I am writing a program in C on Linux where various things will be written to stdout
via printf
. Naturally, I would try to minimize the IO calls and buffer all the information and then pass it to a single print call. However, through testing, I have discovered that printf
does buffering of its own until it reaches a '\n'
.
My question is, can I be certain that all printf
implementations do this, or is glibc just optimized? Is it reliable to trust printf
to do the buffering for me?
CodePudding user response:
The C standard allows both unbuffered and buffered streams. The relevant part is C17 7.21.3/3:
When a stream is unbuffered, characters are intended to appear from the source or at the destination as soon as possible. Otherwise characters may be accumulated and transmitted to or from the host environment as a block. When a stream is fully buffered, characters are intended to be transmitted to or from the host environment as a block when a buffer is filled. When a stream is line buffered, characters are intended to be transmitted to or from the host environment as a block when a new-line character is encountered.

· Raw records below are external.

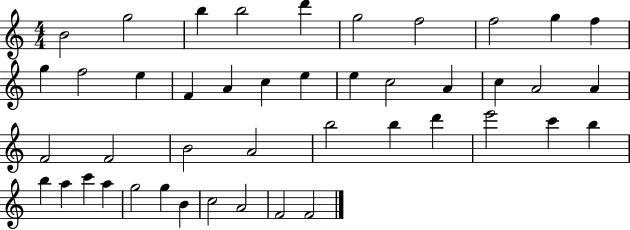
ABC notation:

X:1
T:Untitled
M:4/4
L:1/4
K:C
B2 g2 b b2 d' g2 f2 f2 g f g f2 e F A c e e c2 A c A2 A F2 F2 B2 A2 b2 b d' e'2 c' b b a c' a g2 g B c2 A2 F2 F2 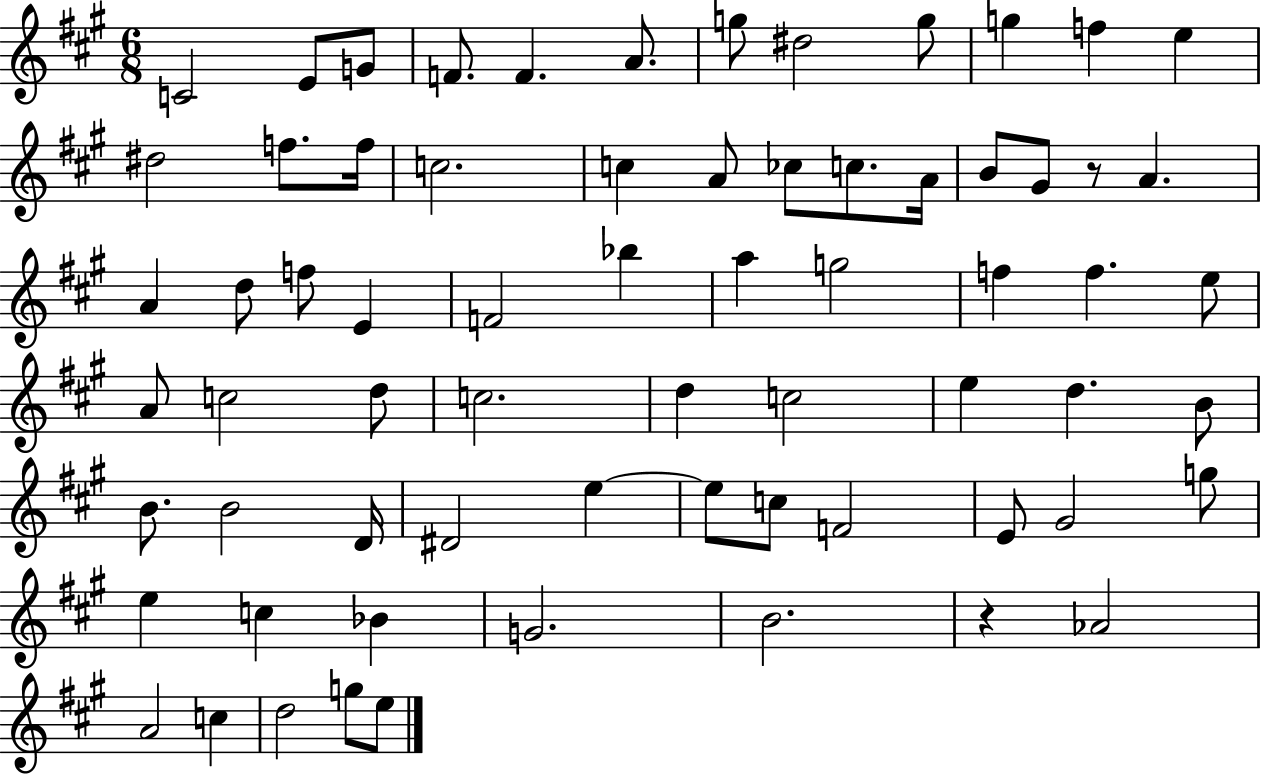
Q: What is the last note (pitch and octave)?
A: E5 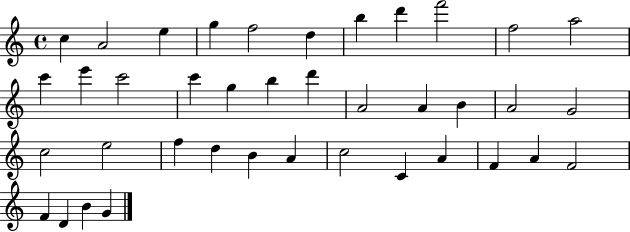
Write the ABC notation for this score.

X:1
T:Untitled
M:4/4
L:1/4
K:C
c A2 e g f2 d b d' f'2 f2 a2 c' e' c'2 c' g b d' A2 A B A2 G2 c2 e2 f d B A c2 C A F A F2 F D B G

This is typically a decision depending on the OS rather than the standard library implementation. Most hosted console-based OS use the line buffered implementation where \n
will "flush the buffer". Otherwise an explicit call to fflush(stdout)
will always do that (and it strictly speaking more portable).
An example of an unbuffered system is limited "bare metal" microcontroller one, where stdout
is an UART and there's no hardware buffers to store a lot of characters.